__Requirement__.
Please retype the records below exactly, omitting any images.

__Records shown__.

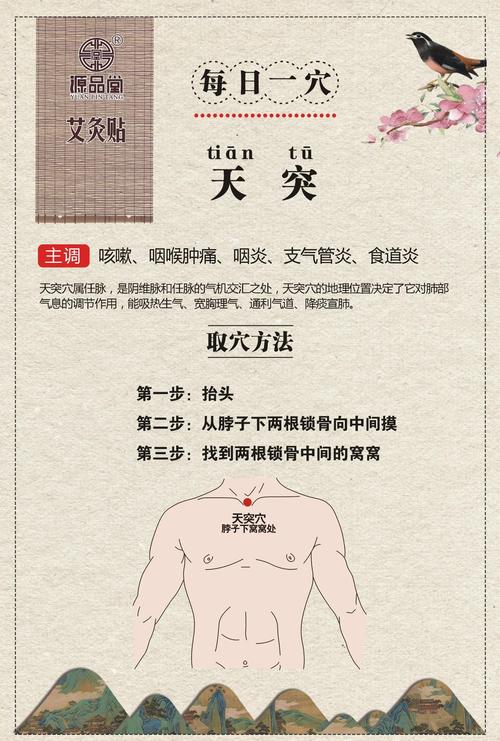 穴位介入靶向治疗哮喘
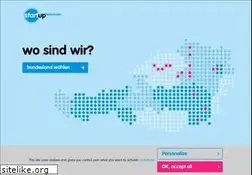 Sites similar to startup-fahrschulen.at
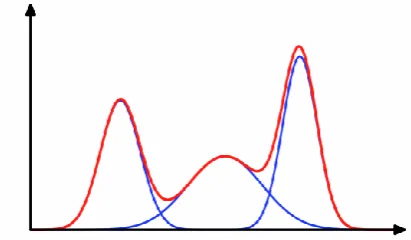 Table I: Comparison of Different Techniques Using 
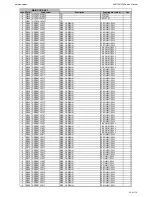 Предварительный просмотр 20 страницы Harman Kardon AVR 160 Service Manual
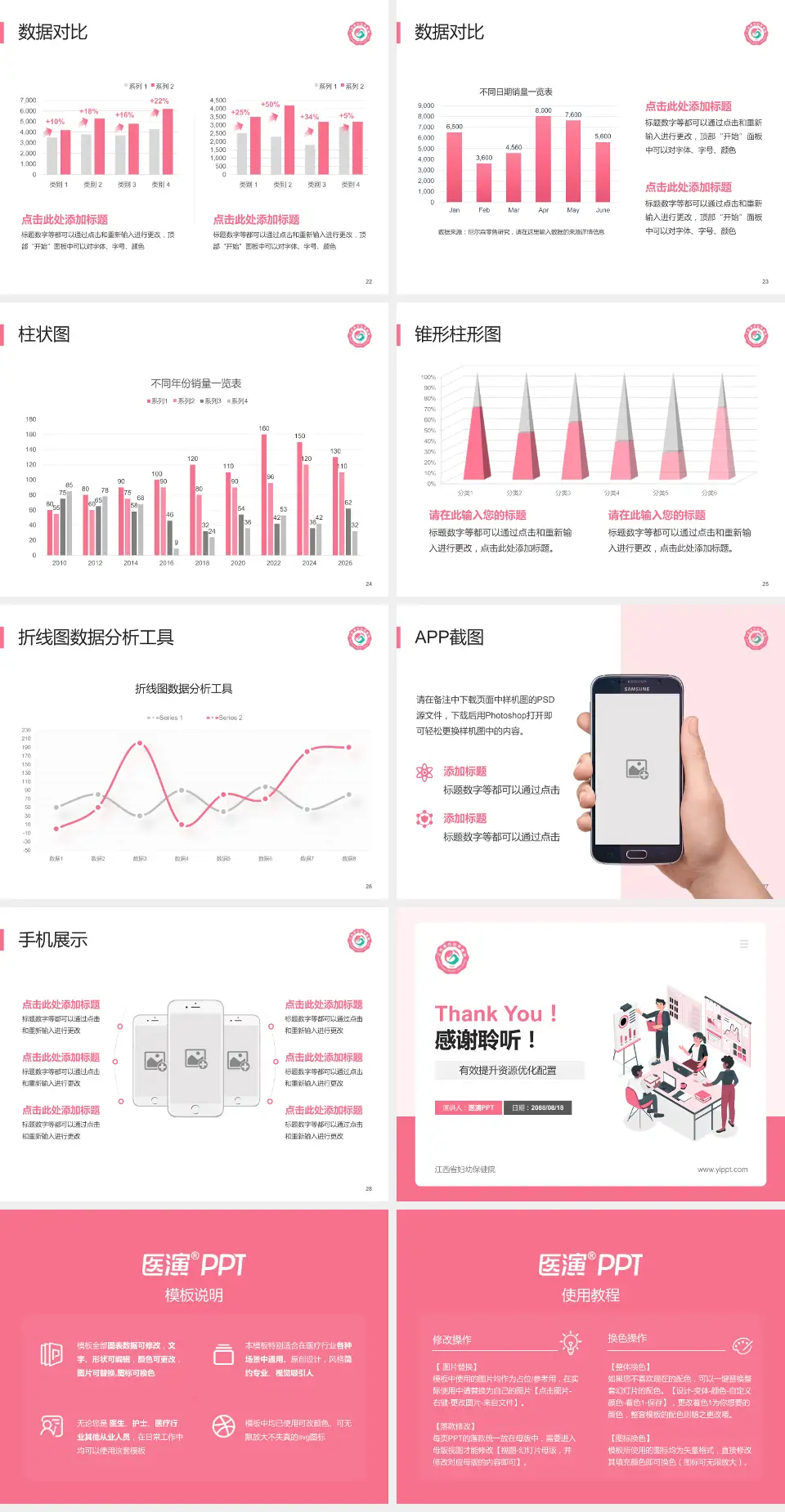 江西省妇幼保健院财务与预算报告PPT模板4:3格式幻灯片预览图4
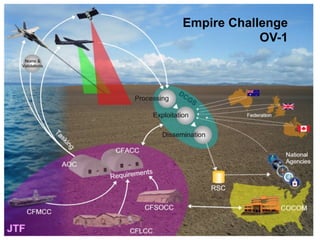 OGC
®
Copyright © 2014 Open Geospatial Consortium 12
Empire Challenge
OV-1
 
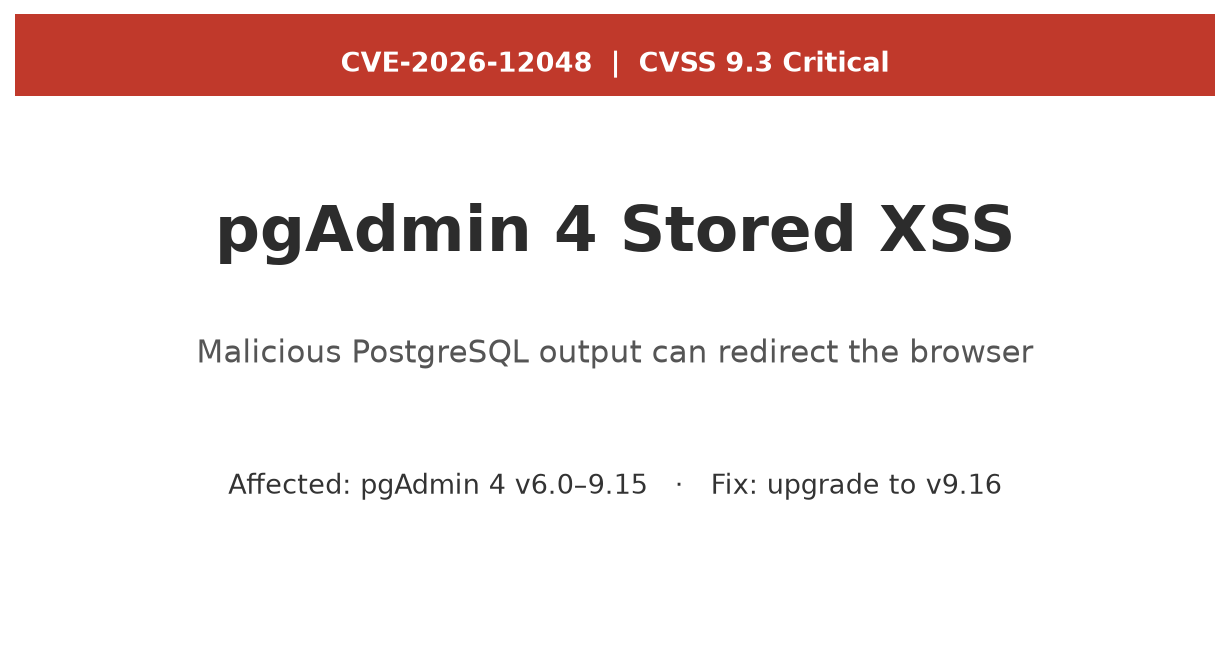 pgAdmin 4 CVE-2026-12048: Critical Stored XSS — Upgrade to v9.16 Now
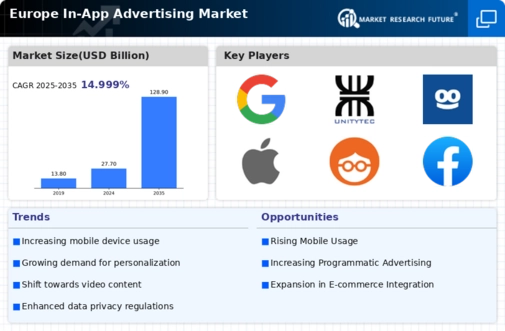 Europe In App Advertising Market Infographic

__Expected output__.
 穴位介入靶向治疗哮喘
 Sites similar to startup-fahrschulen.at
 Table I: Comparison of Different Techniques Using 
 Предварительный просмотр 20 страницы Harman Kardon AVR 160 Service Manual
 江西省妇幼保健院财务与预算报告PPT模板4:3格式幻灯片预览图4
 OGC
®
Copyright © 2014 Open Geospatial Consortium 12
Empire Challenge
OV-1
 
 pgAdmin 4 CVE-2026-12048: Critical Stored XSS — Upgrade to v9.16 Now
 Europe In App Advertising Market Infographic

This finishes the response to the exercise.